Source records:
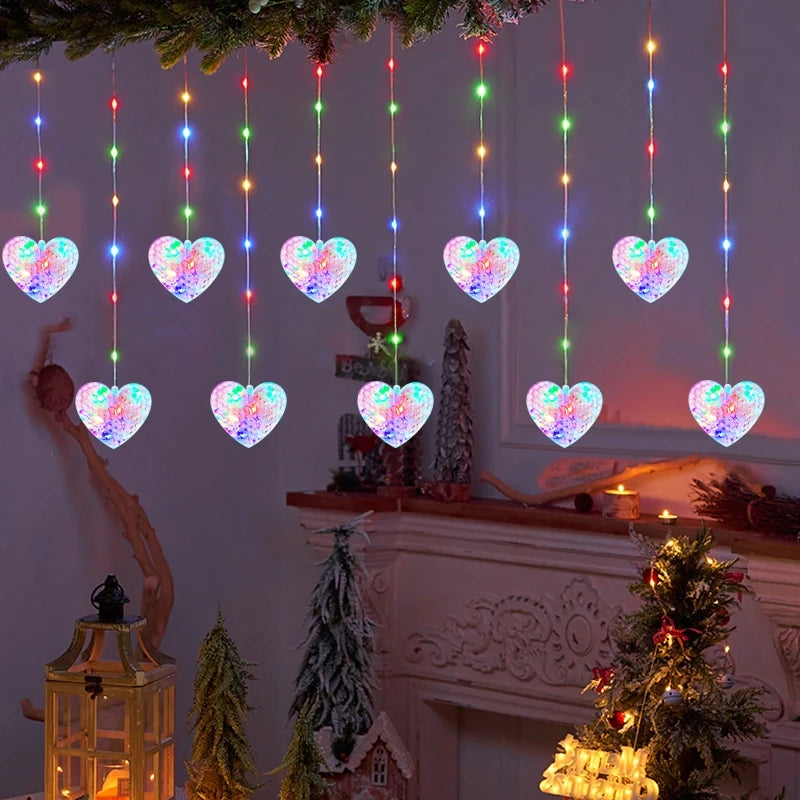 LED Holiday Light Christmas Decoration Lamp Room Decor Garland Santa Tree Moon and Star String Lights Decoration Accessories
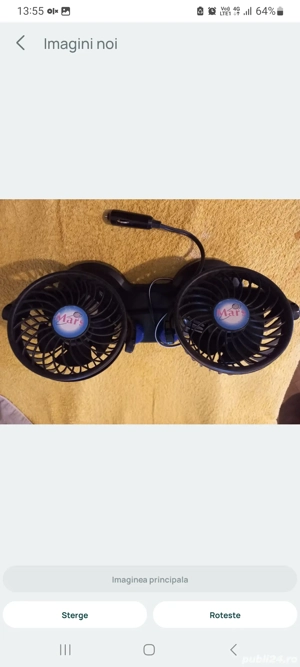 Ventilator auto dublu+pistol apa cu2 baterii+aeroterma 220v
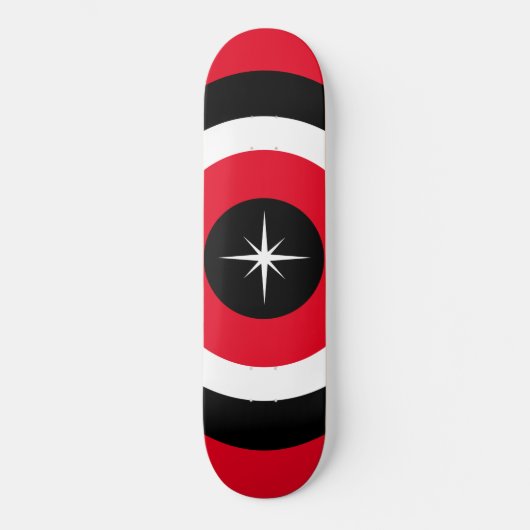 Moderne Wellen in schwarz, rot und weiß Skateboard (Vorderseite)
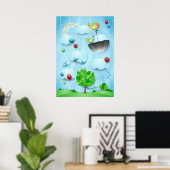 Große Bäume und fliegende Vögel Poster (Heimbüro)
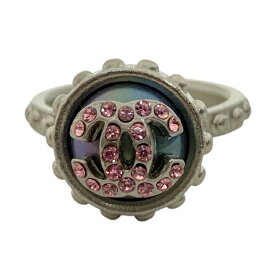シャネル リング 指輪 02C ココマーク ラインストーン ピンク シルバー アクセサリー ジュエリー CHANEL[サイズ14号]レディース 高級感 上品デザイン 人気モデル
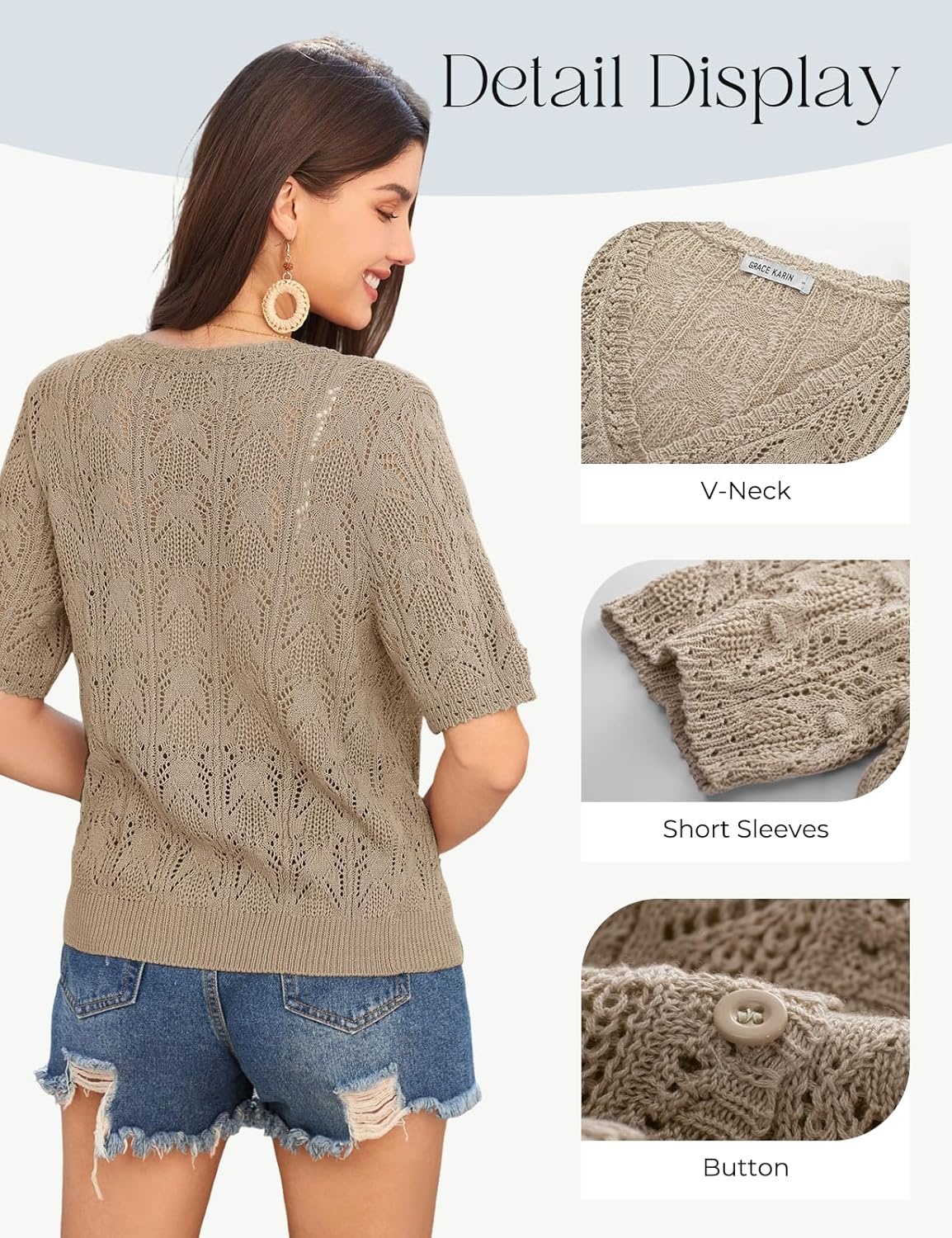 image:imageGRACE KARIN 2026 Womens Short Sleeve V Neck Cardigans Sweaters Open Front Knit Crochet Button Bolero Shrugs TopsKhaki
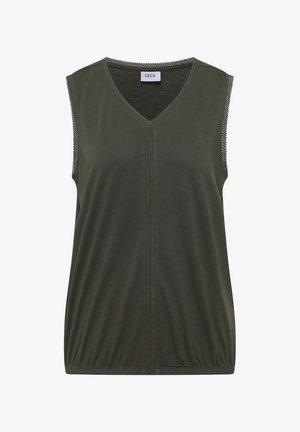 Cecil, TOP WITH V-NECK AND CROCHET TAPE - Toppi - khaki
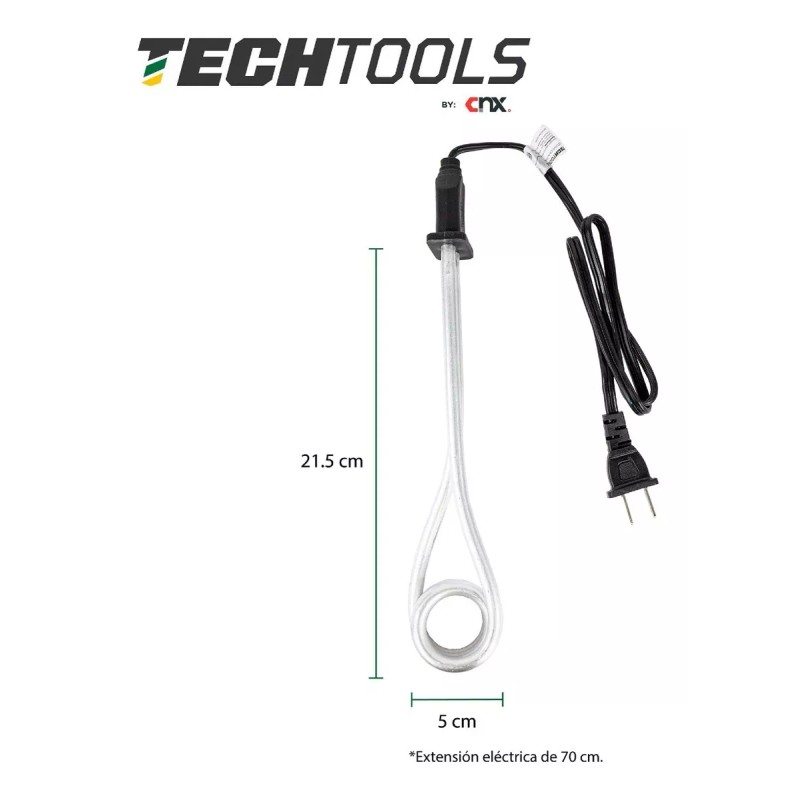 CNX Calentador Eléctrico De Inmersión De Agua 1000w, Cable 70cm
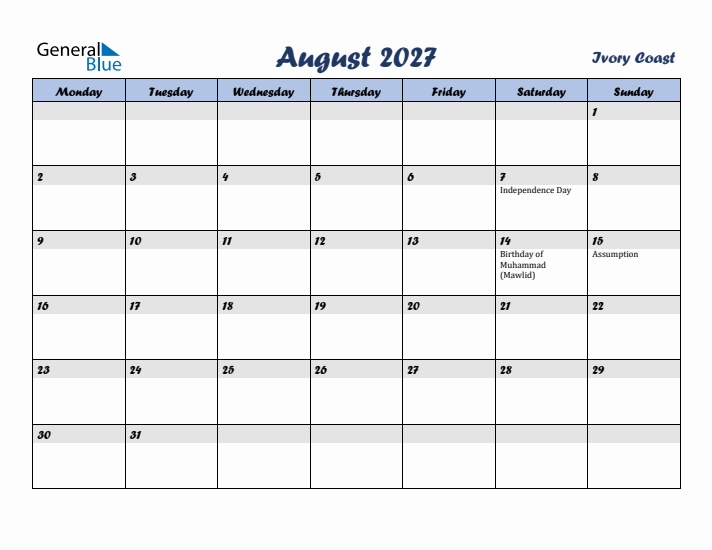 August 2027 Calendar with Holidays in Ivory Coast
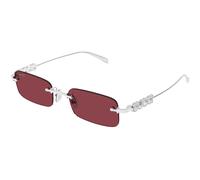 Gucci Hombre Gucci GG1808S 004 Gafas de sol Metal Plata Rojo Cuadrada
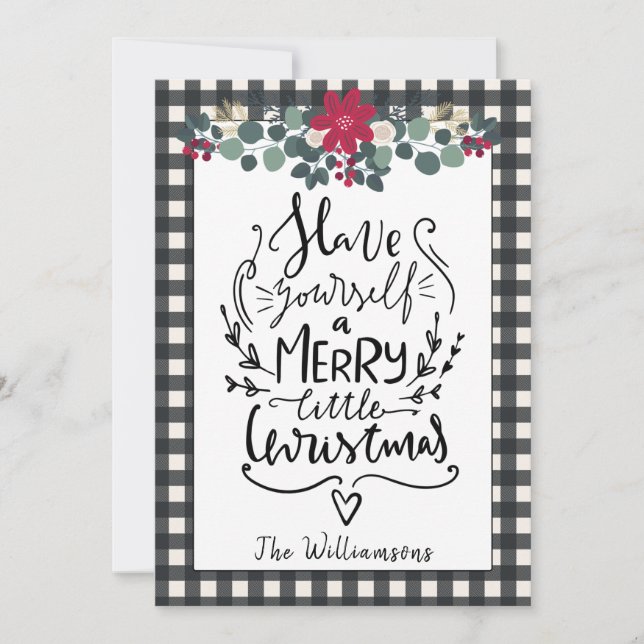 Tarjeta de Navidades Rústico Agrícola Blanco Negro (Anverso)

ACTIVITY:
The records above, copied word for word without the pictures, are what should be output.

RESULT:
 LED Holiday Light Christmas Decoration Lamp Room Decor Garland Santa Tree Moon and Star String Lights Decoration Accessories
 Ventilator auto dublu+pistol apa cu2 baterii+aeroterma 220v
 Moderne Wellen in schwarz, rot und weiß Skateboard (Vorderseite)
 Große Bäume und fliegende Vögel Poster (Heimbüro)
シャネル リング 指輪 02C ココマーク ラインストーン ピンク シルバー アクセサリー ジュエリー CHANEL[サイズ14号]レディース 高級感 上品デザイン 人気モデル
 image:imageGRACE KARIN 2026 Womens Short Sleeve V Neck Cardigans Sweaters Open Front Knit Crochet Button Bolero Shrugs TopsKhaki
 Cecil, TOP WITH V-NECK AND CROCHET TAPE - Toppi - khaki
 CNX Calentador Eléctrico De Inmersión De Agua 1000w, Cable 70cm
 August 2027 Calendar with Holidays in Ivory Coast
 Gucci Hombre Gucci GG1808S 004 Gafas de sol Metal Plata Rojo Cuadrada
 Tarjeta de Navidades Rústico Agrícola Blanco Negro (Anverso)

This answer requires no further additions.